[[ Data supplied, beginning ]]

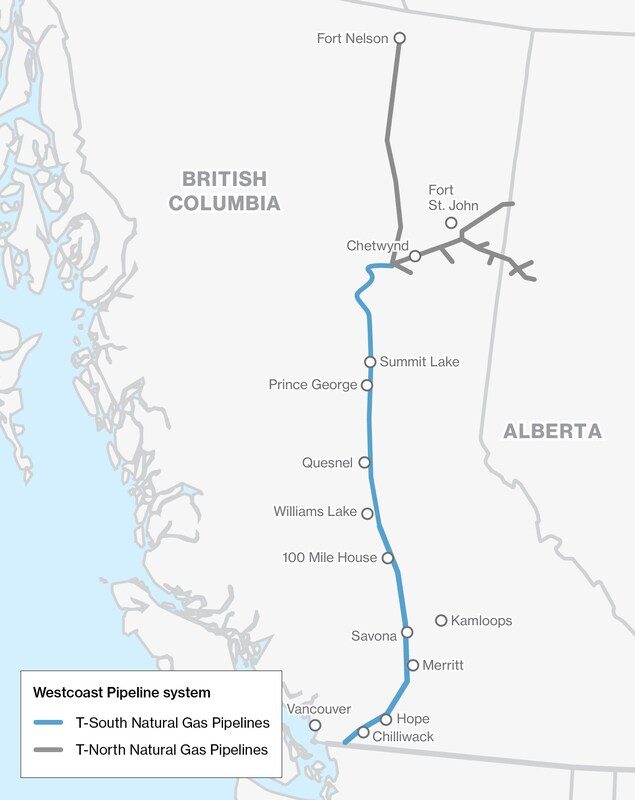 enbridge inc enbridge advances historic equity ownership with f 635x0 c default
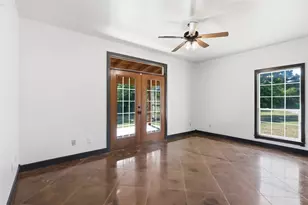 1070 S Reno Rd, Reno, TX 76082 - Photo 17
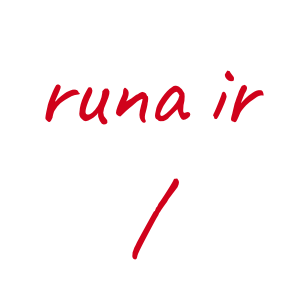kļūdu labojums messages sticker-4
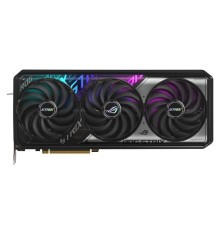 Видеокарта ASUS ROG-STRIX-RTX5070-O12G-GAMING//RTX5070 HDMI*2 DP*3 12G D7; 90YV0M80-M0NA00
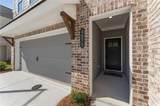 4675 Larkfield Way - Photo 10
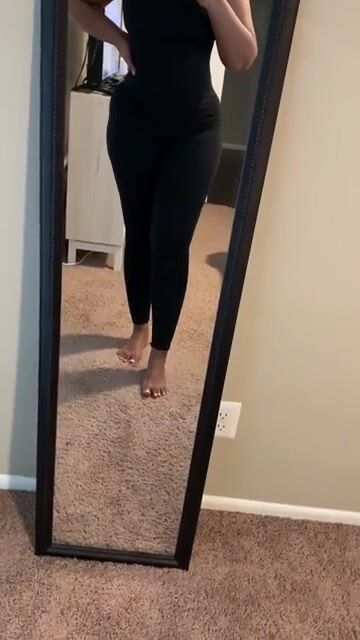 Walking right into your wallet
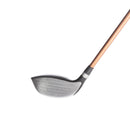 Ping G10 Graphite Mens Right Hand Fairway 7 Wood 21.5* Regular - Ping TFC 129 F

[[ Data supplied, end ]]
[[ Data supplied, beginning ]]

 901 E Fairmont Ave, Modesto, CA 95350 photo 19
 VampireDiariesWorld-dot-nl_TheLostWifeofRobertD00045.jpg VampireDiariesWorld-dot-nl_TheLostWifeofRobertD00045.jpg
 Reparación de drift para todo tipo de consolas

[[ Data supplied, end ]]
[[ Data supplied, beginning ]]

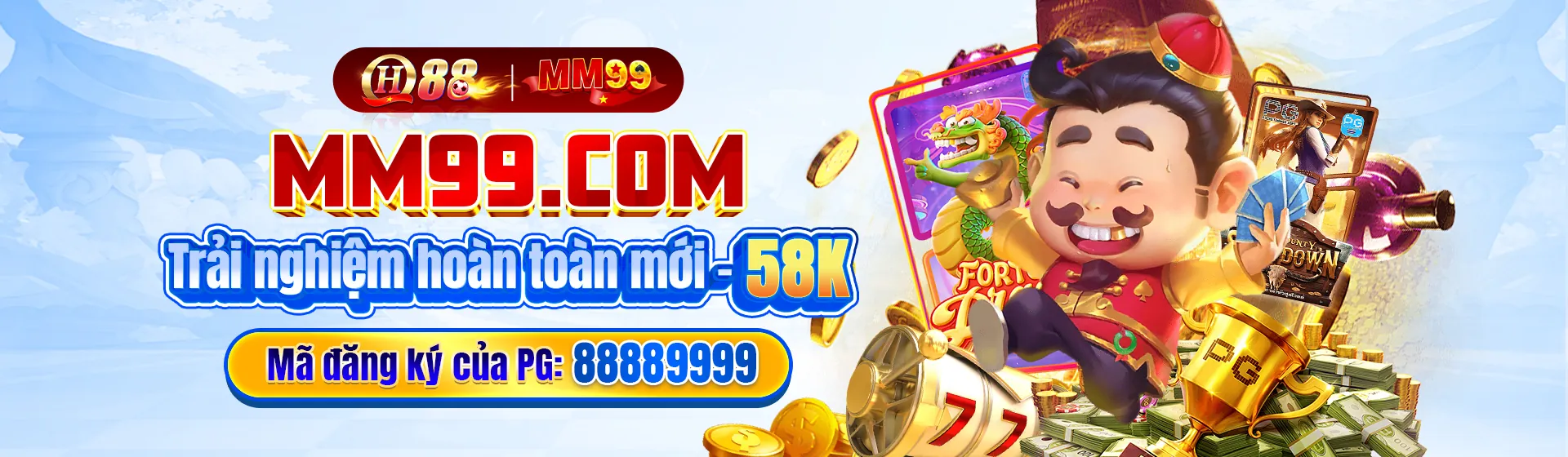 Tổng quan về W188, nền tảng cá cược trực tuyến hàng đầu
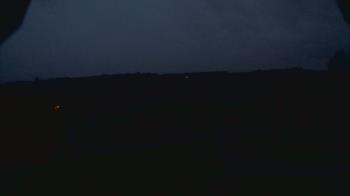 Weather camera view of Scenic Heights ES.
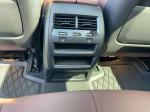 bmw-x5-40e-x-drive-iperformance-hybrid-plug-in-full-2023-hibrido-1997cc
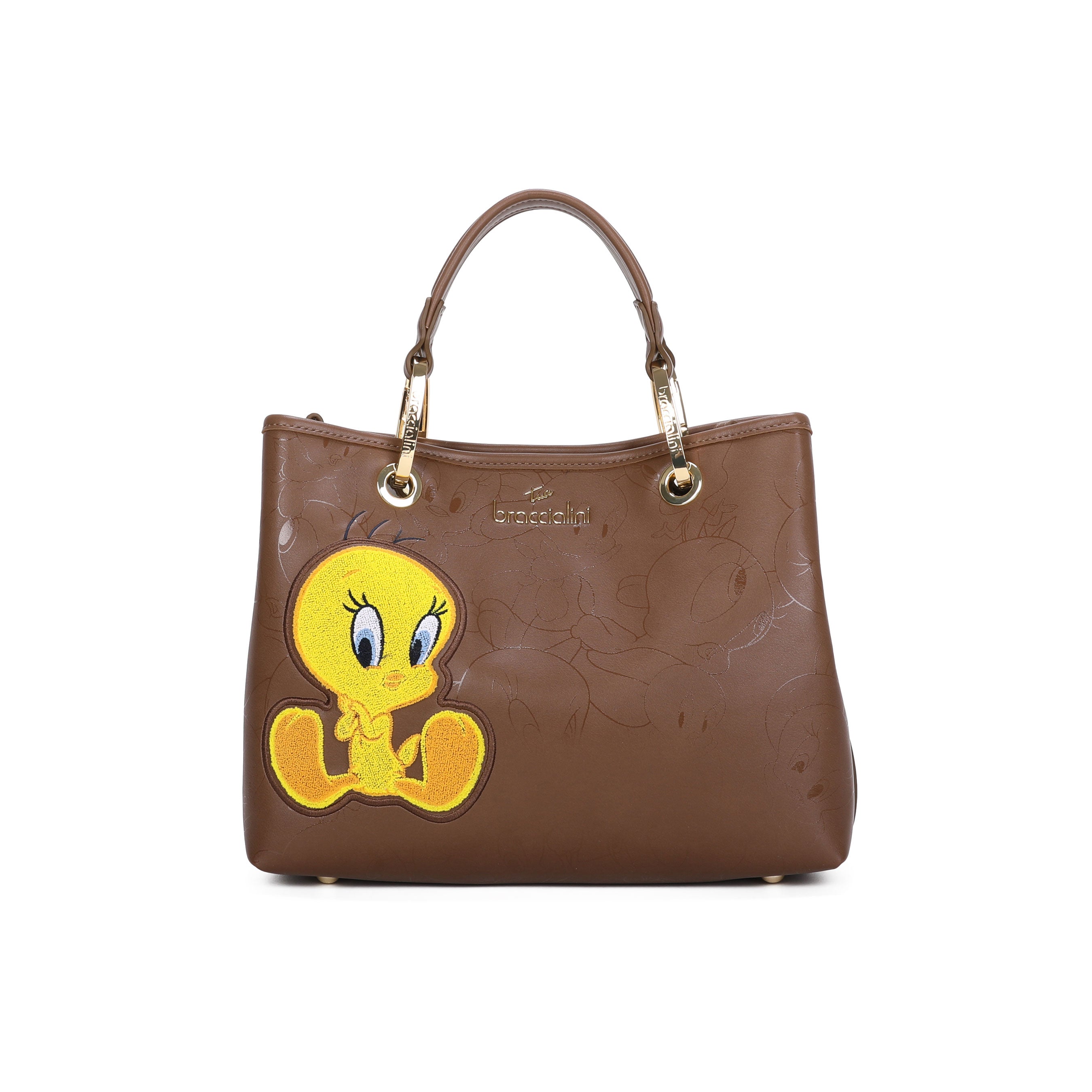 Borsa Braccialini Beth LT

[[ Data supplied, end ]]

Instructions to follow » Quote word for word only the lines above from the one containing "Weather camera view of Scenic Heights ES." through the one containing "Borsa Braccialini Beth LT". Pictures stay out of your copy.

Exercise solution »
 Weather camera view of Scenic Heights ES.
 bmw-x5-40e-x-drive-iperformance-hybrid-plug-in-full-2023-hibrido-1997cc
 Borsa Braccialini Beth LT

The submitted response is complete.